## What to work on
Exactly as they appear below, repeat the lines from the one with "Traktor holowniczy RAYMOND 3220" through the one with "Federal Benefits Made". Drop every picture.

## Task inputs

- Opening Delimiter -

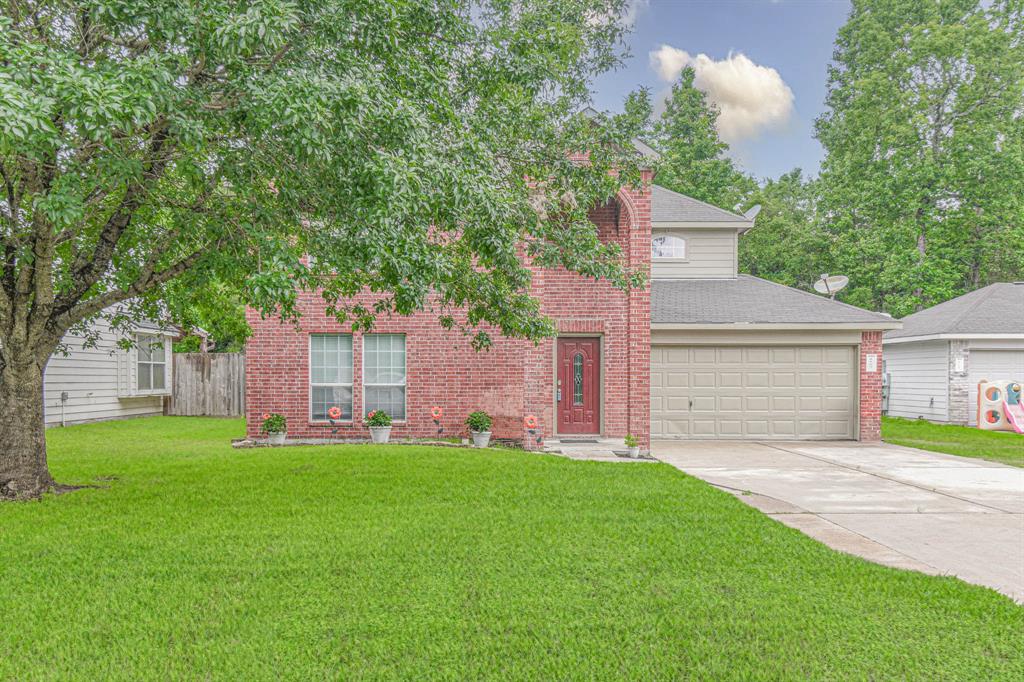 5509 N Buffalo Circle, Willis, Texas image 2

- Closing Delimiter -
- Opening Delimiter -

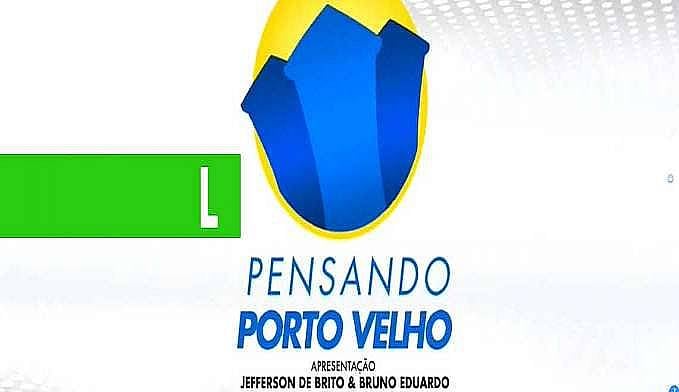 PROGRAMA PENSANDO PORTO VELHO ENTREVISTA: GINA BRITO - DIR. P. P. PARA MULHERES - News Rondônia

- Closing Delimiter -
- Opening Delimiter -

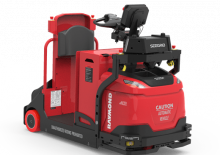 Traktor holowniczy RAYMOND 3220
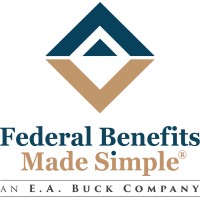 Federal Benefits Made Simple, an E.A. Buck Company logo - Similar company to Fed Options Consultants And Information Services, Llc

- Closing Delimiter -

## Response
 Traktor holowniczy RAYMOND 3220
 Federal Benefits Made Simple, an E.A. Buck Company logo - Similar company to Fed Options Consultants And Information Services, Llc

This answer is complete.